Physically, the urban food environment can be conceptualised as a complex configuration of food outlets (shops, markets, street vendors, etc.) consisting of the following main elements:

  • Nodes: Traditional marketplaces (which can have thousands of traders), shopping malls, and clusters of formal or informal shops and traders. Formal and informal trading activities are intertwined, often with a symbiotic relationship (for example, informal sellers of fresh fruit and vegetables are often found outside formal supermarkets).
  • Lines of formal and informal food outlets and traders along major transport routes in various formal informal structures (which may be permanent or temporary, and which often only operate at particular times of the day).
  • Dispersed pattern of formal and informal food outlets and traders, usually in residential areas. Many outlets take the form of a ‘house shop’, a dwelling that is also used as a shop.
  • Mobile food vendors that move around within and between areas.

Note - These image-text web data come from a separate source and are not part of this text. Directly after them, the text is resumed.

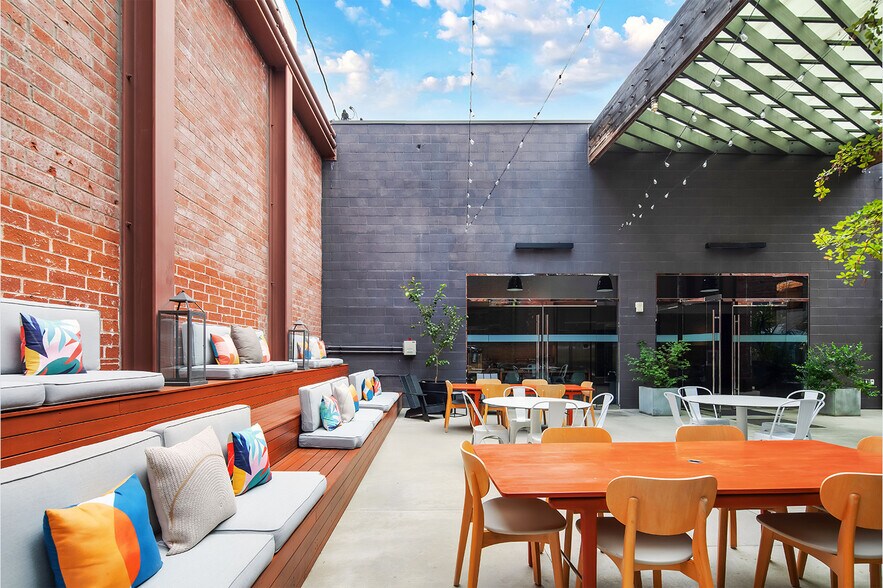 More Photos Of 8870 Washington Blvd, Culver City Loft Creative Space For Sale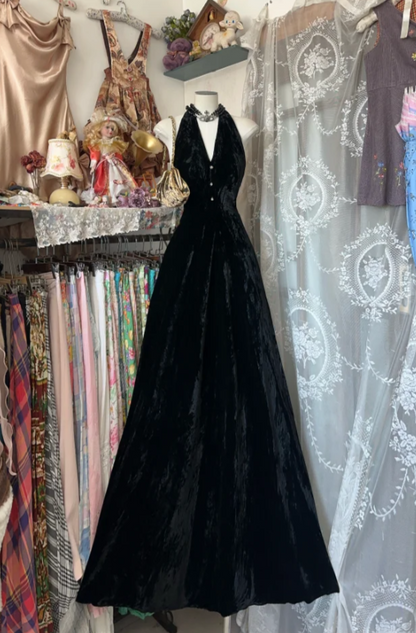 Black Sexy A-Line Long Prom Dresses Velvet V-neck Evening Dresses Sleeveless Birthday Dresses DP04388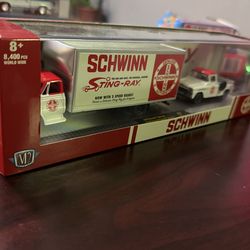 M2 Schwinn Sting Ray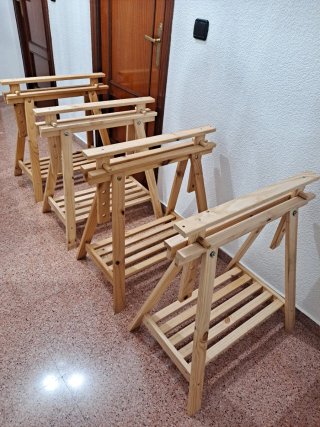 Caballetes de madera regulables en altura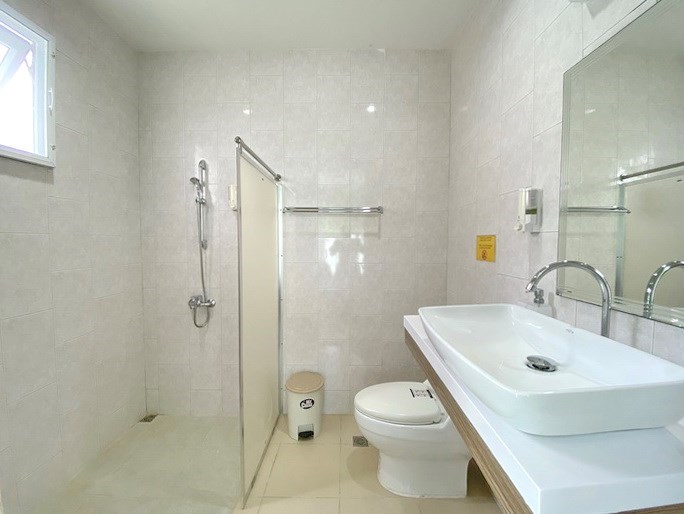 House for sale Na Jomtien showing the third bathroom 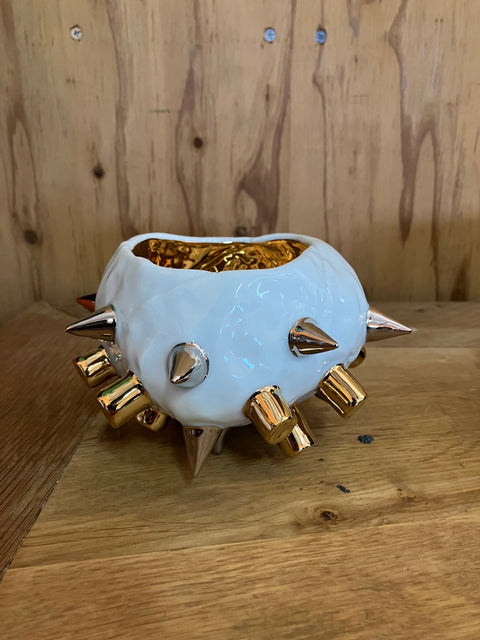 SPIKY TEA BOWL｜古賀崇洋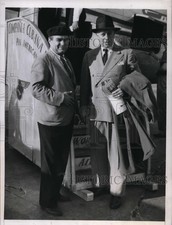 1946 Press Photo Clyde Pangborn around the world flyer & Cliff Clevenger PanAM picture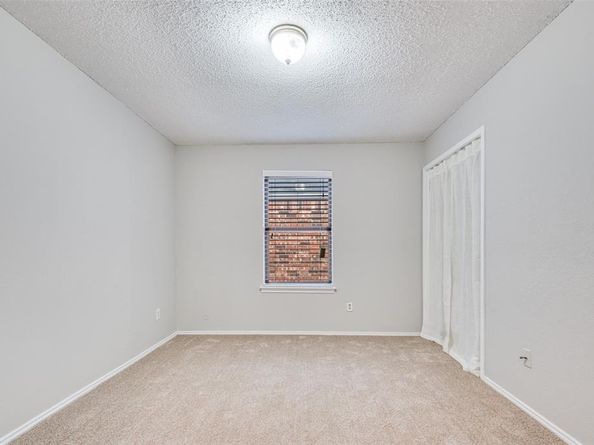 2806  Harvest Lake Drive , Irving Texas 75060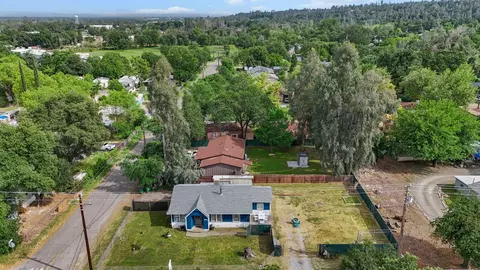 7699 Happy Valley Rd, Anderson, CA 96007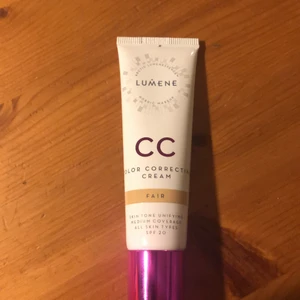 Smink - Oanvänd Lumene cc color correcting cream i färgen fair, 80 kr plus frakt 12 kr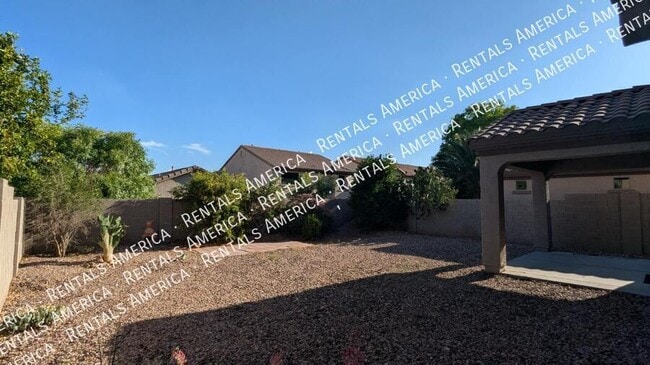 Building Photo - 4337 W Powell Dr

These patterns are overlaid on the typical spatial patterns of African cities. Kisumu shows many of the key spatial features of African cities. At the core of the city area is the colonial city, with a grid pattern. The central business district (CBD) is here, with a concentration of commercial activities. An industrial area and some formal residential areas are adjacent to the CBD. Most supermarkets and formal shops are also located here, particularly in the CBD, but also along major transport routes and at major interchanges. The main marketplaces are also located here. In 2009, 16 per cent of the population of Kisumu lived in the colonial core (Nodalis Conseil, 2013). Surrounding the historical core of Kisumu is a zone of informal settlements, which forms a continuous belt (usually referred to as the ‘slum belt’). Large numbers of informal shops are located here, and in 2009, 42 per cent of the population of Kisumu lived in these unplanned areas (Nodalis Conseil, 2013). Finally, there is a peri-urban zone, largely characterised by agriculture, but with dispersed development, much of which falls outside formal planning approval processes. In 2009, 42 per cent of the population of the city of Kisumu lived in these peri-urban areas (Nodalis Conseil, 2013).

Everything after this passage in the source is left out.